Marian Norkowski

Personal information
- Full name: Marian Stanisław Norkowski
- Date of birth: 17 May 1935
- Place of birth: Toruń, Poland
- Date of death: 7 March 2001 (aged 65)
- Place of death: Warsaw, Poland
- Height: 1.80 m (5 ft 11 in)
- Position: Striker

Senior career*
- Years: Team / Apps / (Gls)
- 1950–1952: Pomorzanin Toruń
- 1952–1970: Polonia Bydgoszcz / 148 / (92)
- 1955: → Gwardia Warsaw (loan)

International career
- 1958–1960: Poland / 6 / (1)

Managerial career
- Polonia Bydgoszcz

= Marian Norkowski =

Polish footballer (1935–2001)

Marian Stanisław Norkowski (17 May 1935 - 7 March 2001) was a Polish footballer who played as a forward.
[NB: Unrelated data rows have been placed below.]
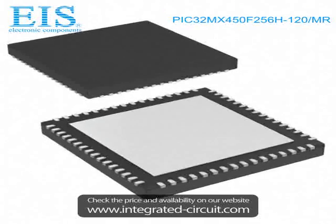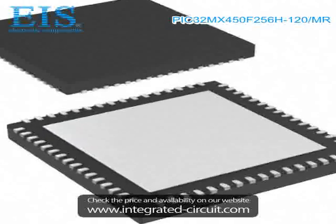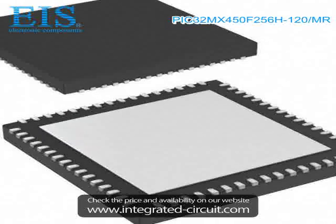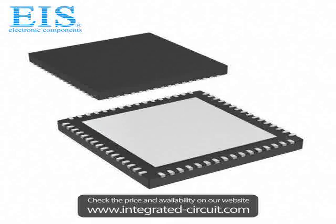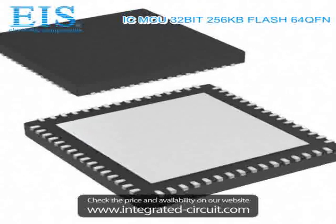Hello, this is Tams from Excellent Integrated System Limited. We are a professional stocking distributor of electronic components. We have many components in stock which can be shipped immediately after order.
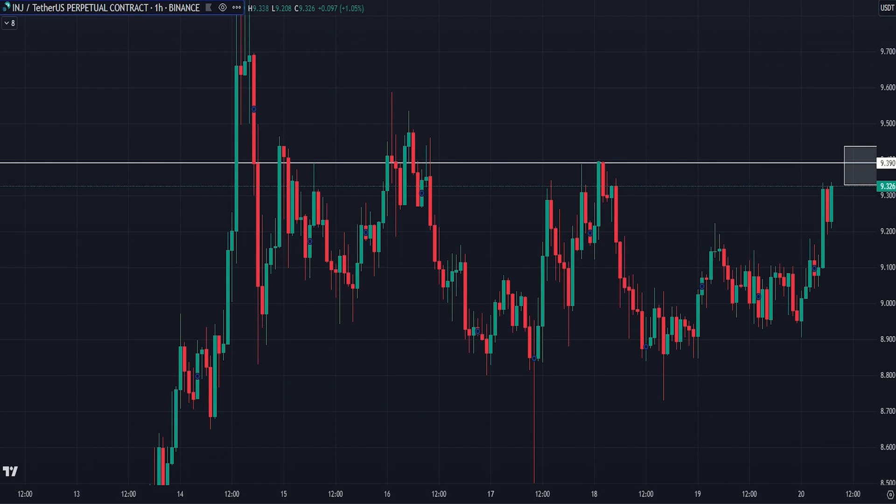Hi guys, welcome to this week's Crypto Chiefs trade analysis YouTube video, where we're going to take a look at three of the trades from last week and give you the analysis behind them and show you how they played out.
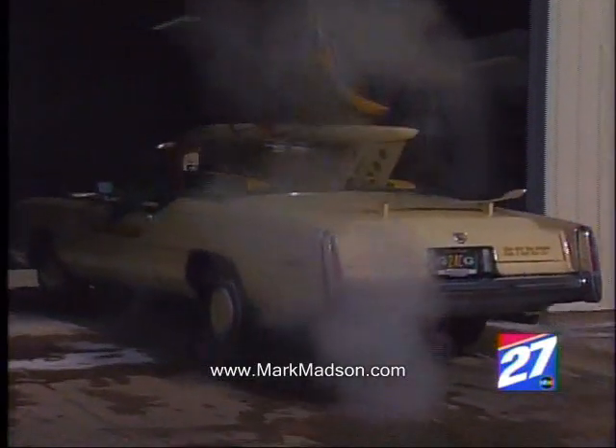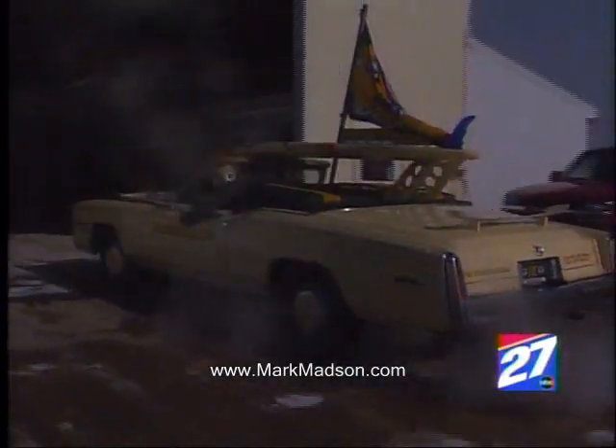Next stop: Lambeau this Sunday. Madsen hopes to create a power tour following the Packermobile this weekend. He'd like to start it in Madison and have people following him all the way up to Lambeau.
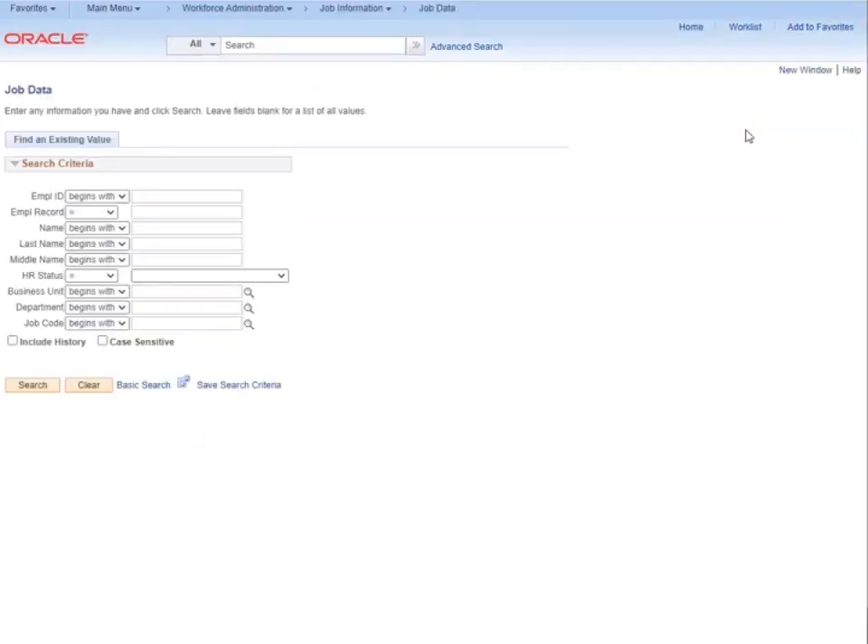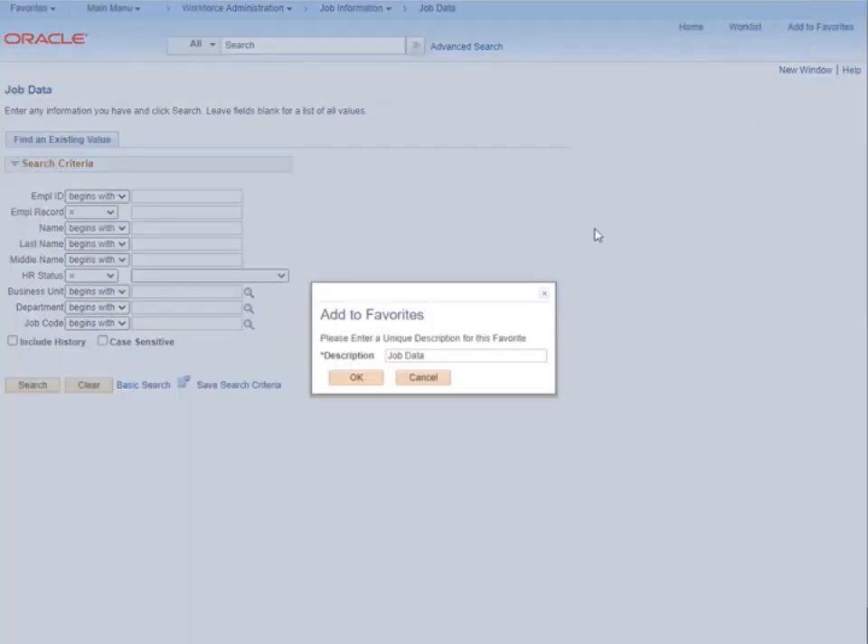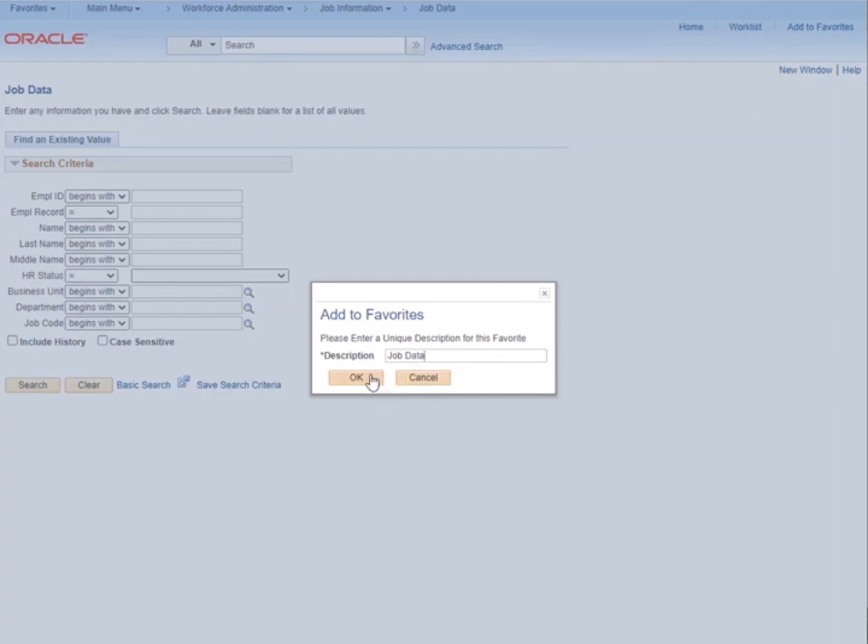We have now opened a new tab in the native PeopleSoft view. To save this page as a favorite, click Add to Favorites in the top right corner. If you would like to change the name of the favorite, you can do so. Otherwise, just go ahead and click OK.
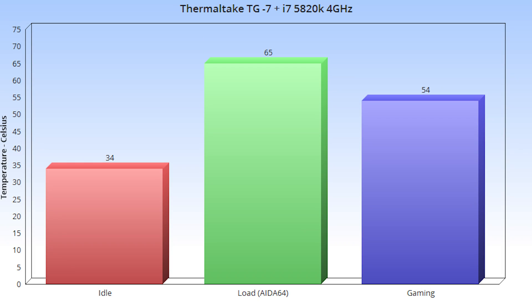With the Thermaltake TG7, at idle the average temperature was around 34 degrees Celsius at 4 GHz. There were some peaks hitting about 39–40 degrees randomly, but most of the time the average stayed at 34 degrees Celsius — pretty solid. When we jump into AIDA64, there's a big jump: the average is about 65 degrees Celsius on full 100% load at 4 GHz, which is on the higher end.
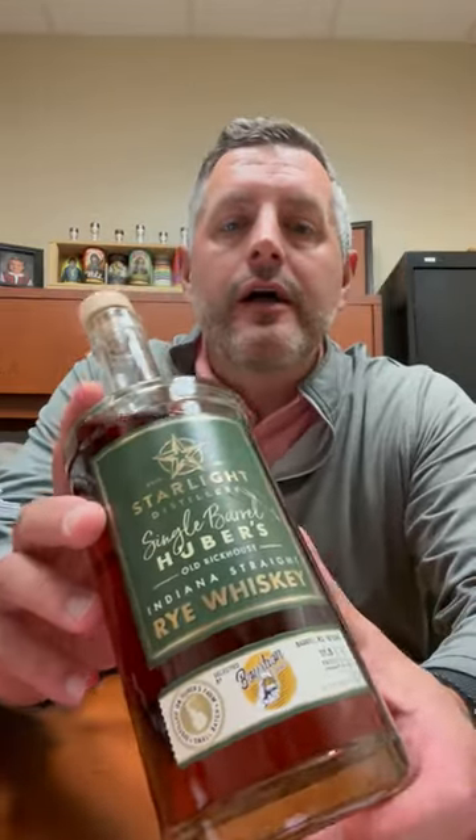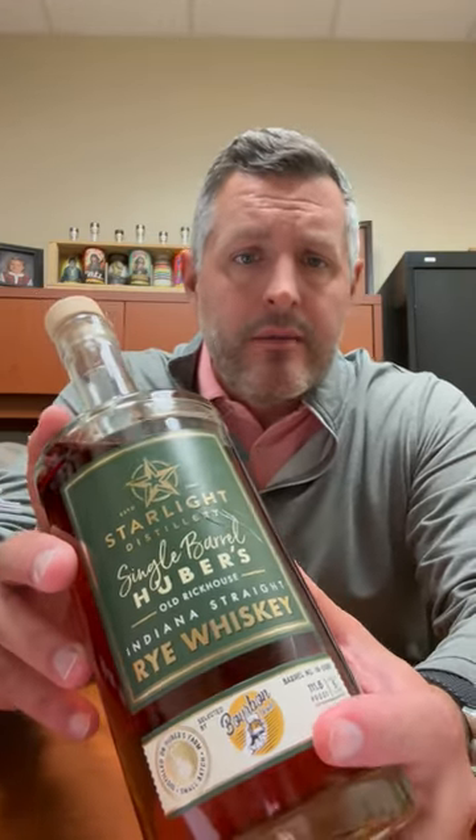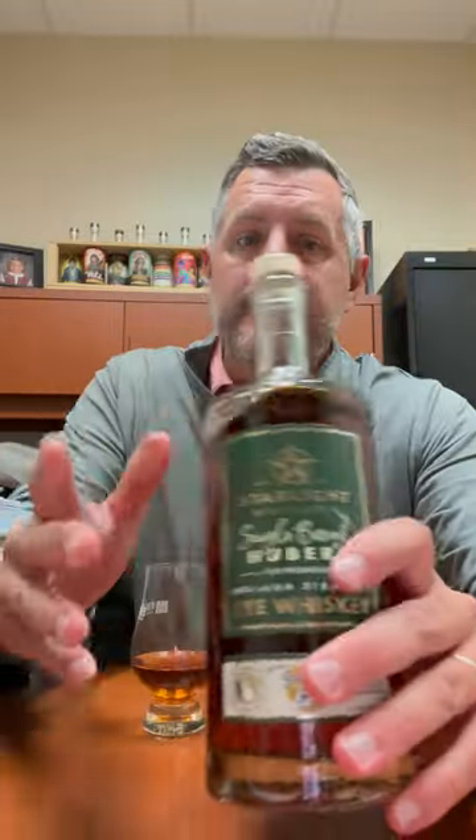Today I'm taking a look at one of our sale items for the holidays. This is Huber Starlight Single Barrel Rye — this is the Bourbon World Pick — but any of the picks that are these single barrel Huber Ryes are on sale for $44.99. Regular price $59.99, on sale for $44.99. It's a hell of a deal.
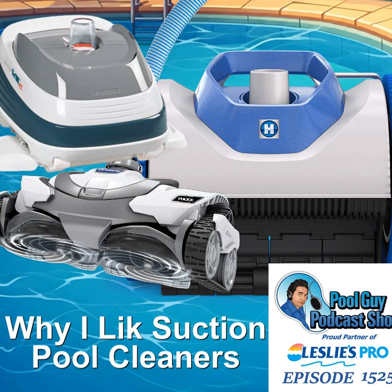Become a Leslie's Pro member. With almost a thousand locations conveniently located less than three miles from your service route, you can quickly get in and out and take care of your customers. Get Skimmer, America's number one pool service software platform. Listeners of the podcast can try Skimmer for free. Visit swimmingpoollearning.com and click on the Leslie's Pro and the Skimmer banners to learn more.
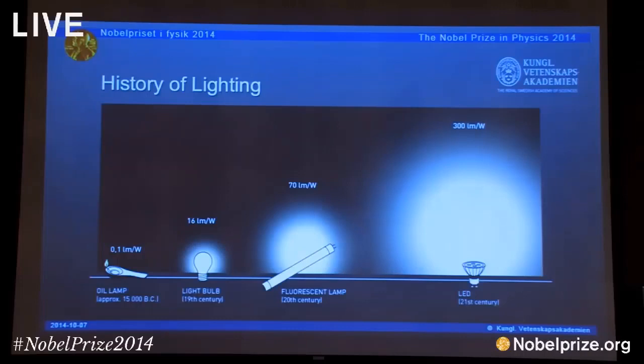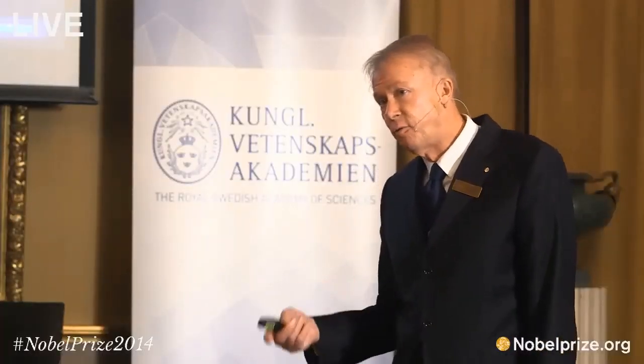And what you see is, of course, an enormous increase in the power efficiency of the use of electrical energy in generating light. Now, something like a fourth of our electricity consumption in most industrialized economies goes to illumination.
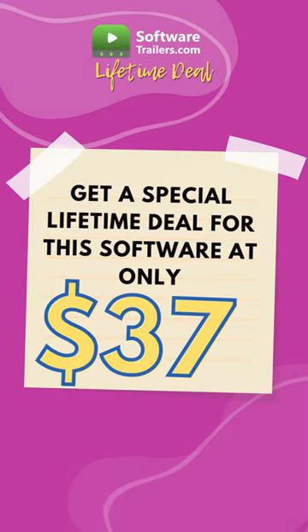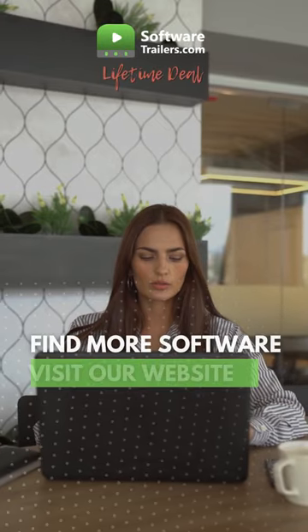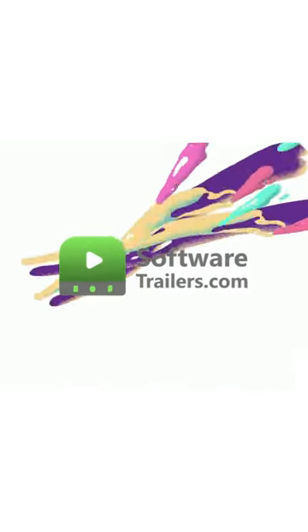Are you interested in this software? You can get an excellent lifetime deal for only $37 just by clicking on the link in the description. Plus, you can find hundreds of extra solutions by visiting our website, SoftwareTrailers.com.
Norkowski began his career in Pomorzanin Toruń, and in 1952 he moved to Polonia Bydgoszcz, where he remained until 1970. With Polonia, he played 7 seasons in the Ekstraklasa, scoring 91 goals in total. He was the top league scorer in the 1960 season, with 17 goals. He also capped six times for Poland, with one goal. Norkowski was a member of the Polish team for the 1960 Summer Olympics in Rome, but he did not play in any matches. After retiring, he worked as a coach, but without any achievements.